0
Answered
ihoekstra 3 months ago in Scrapy Cloud • updated by Pablo Vaz (Support Engineer) 2 months ago 5

Hi,


I am trying to deploy my first project to scrapinghub and I'm very confused. I tried to follow the instructions here. It says that if you type "shub deploy" you will "be guided through a wizard that will set up the project configuration file (scrapinghub.yml) for you."


But this never happens. I just get "ImportError: No module named bs4". I suppose that is because the dependency (on beautifulsoup4) needs to be set in the scrapinghub,yml file, which hasn't been created..


Should I try to write the file by hand? If so, what needs to be in it and in what folder should it be stored? If I shouldn't write the file by hand, is there something I can do to meet this mysterious wizard so he can do it for me??

Answer

Answer

OK, I finally figured it out. I manually created a scrapinghub.yml file, in the same directory that scrapy.cfg was in. Then I created a file called requirements.txt, as explained here. This file should be in that same directory!


scrapinghub.yml looks like this:


projects:
default: [yourprojectid]


requirements_file: requirements.txt


And requirements.txt looks like this:


beautifulsoup4==4.5.1


On to the next error... but I will leave that for another thread.

Waiting for Customer

Can you share more of your console logs? (what comes before and around that ImportError)

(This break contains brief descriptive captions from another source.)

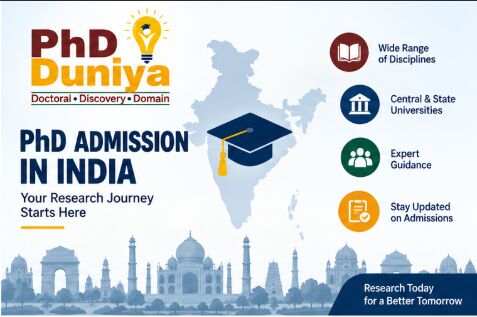 Sydney, Education, Shape Your Academic Future With PhD Admission In India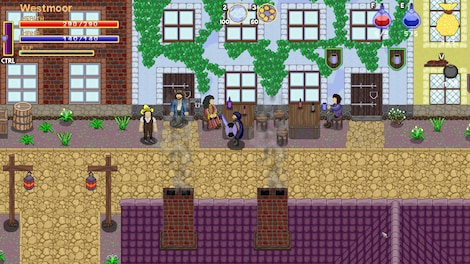 Songs of Skydale Steam Key GLOBAL - 3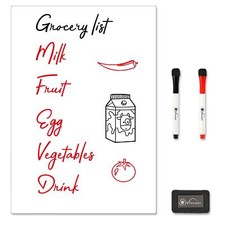 Vinsani A3 Magnetic Memo Notes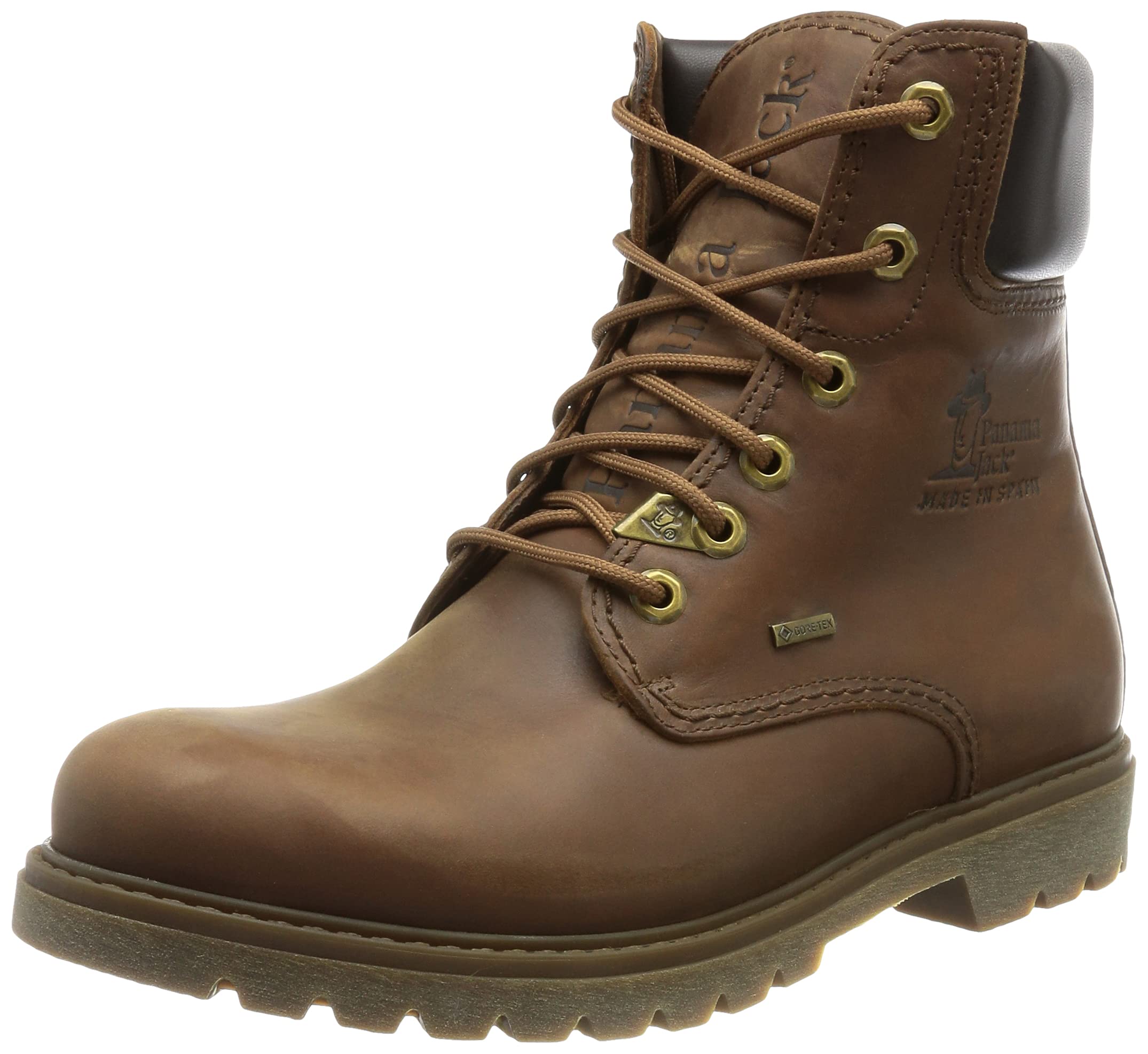 Panama Jack Men's 03 GTX Wool Boots for Hiking & Outdoor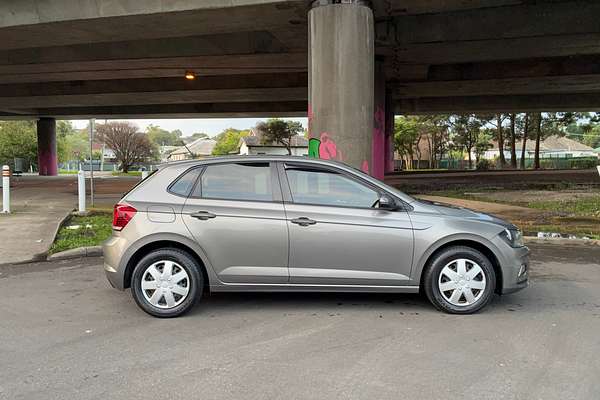 2018 Volkswagen Polo 70TSI Trendline AW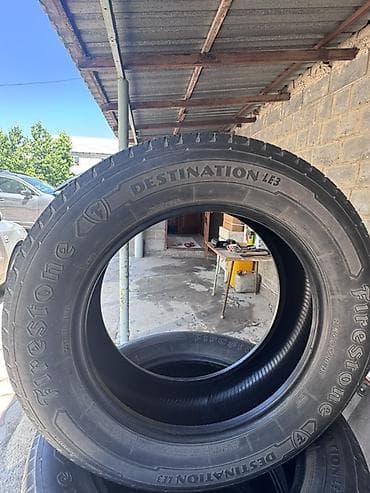 Шины: Шины 245 / 60 / R 18, Лето, Комплект, Внедорожные (АТ/МТ), Корея, Kumho — 4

Just to confirm, the bs4 dependency is for your spider code, right? (because I don't see bs4 needed in the shub command line client)

Thank you for your quick response. Yes, bs4 is for the spider code.


Here is my log:


c:\src\Weizen\src>shub deploy


-------------------------------------------------------------------------------
Welcome to shub version 2!


This release contains major updates to how shub is configured, as well as
updates to the commands and shub's look & feel.


Run 'shub' to get an overview over all available commands, and
'shub command --help' to get detailed help on a command. Definitely try the
new 'shub items -f [JOBID]' to see items live as they are being scraped!


From now on, shub configuration should be done in a file called
'scrapinghub.yml', living next to the previously used 'scrapy.cfg' in your
Scrapy project directory. Global configuration, for example API keys, should be
done in a file called '.scrapinghub.yml' in your home directory.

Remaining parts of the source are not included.